Between 3 and 20 percent of incorrect references from the first turn reappeared in later rounds. That means an early error can become part of the conversation's foundation, making later answers less reliable.

The source also notes that previous studies have shown long chats and cluttered context windows degrade AI model performance. Halluhard adds a concrete reliability angle: mistakes are not only made once, they can persist and reappear.

Programming was the exception. In coding tasks, hallucination rates decreased in later rounds. The researchers suspect that coding conversations often narrow over time, moving from broad requests like build X to specific issues like fix this function. Narrower tasks leave less room for unsupported invention.
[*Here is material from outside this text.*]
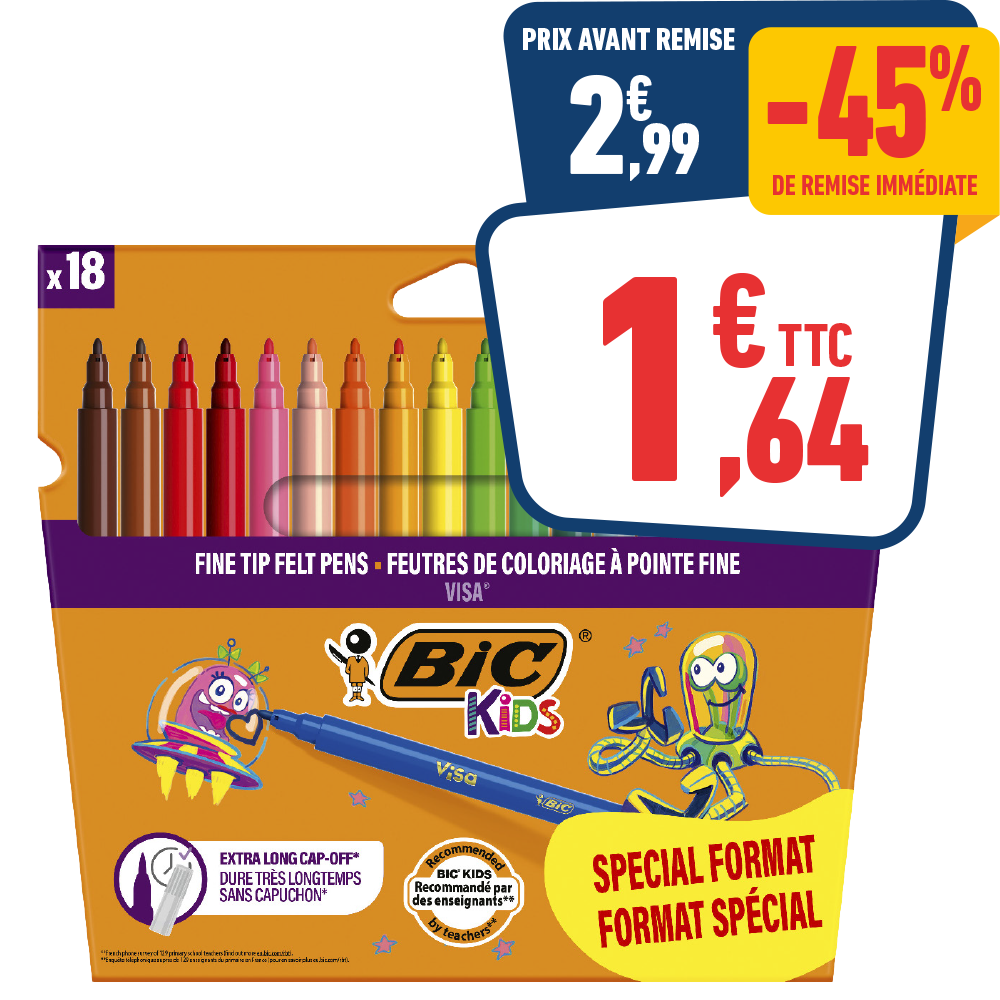 18 FEUTRES VISA BIC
Niche Knowledge Remains A Weak Spot

The researchers also ran a controlled experiment with 350 short questions to see when models hallucinate and when they refuse to answer. When asked about completely fabricated entities, models tended to abstain.

The bigger problem appeared with niche knowledge, such as rarely cited research papers or artworks from local galleries. In those cases, models hallucinated more often. The researchers explain that niche information may appear only in fragments during training.

Those fragments can be enough to trigger a confident answer, but not enough to produce a correct one. With a completely unknown topic, the model may recognize that it lacks information. With niche knowledge, it may act as though partial familiarity is enough.

That is why Halluhard is designed to remain difficult for future model generations. Existing tests are becoming less useful for comparing frontier systems: on SimpleQA, GPT-4o with Search Preview already reaches 90 percent accuracy, while GPT-5 Thinking with web search reaches 95.1 percent. With an estimated benchmark error rate of around 3 percent, the source says that is essentially the ceiling.

Halluhard combines multi-turn conversations, sensitive knowledge domains, and niche knowledge to keep testing what matters in practical use. Its central message is simple: search, scale, and reasoning all help, but none of them yet removes the need to verify AI answers carefully.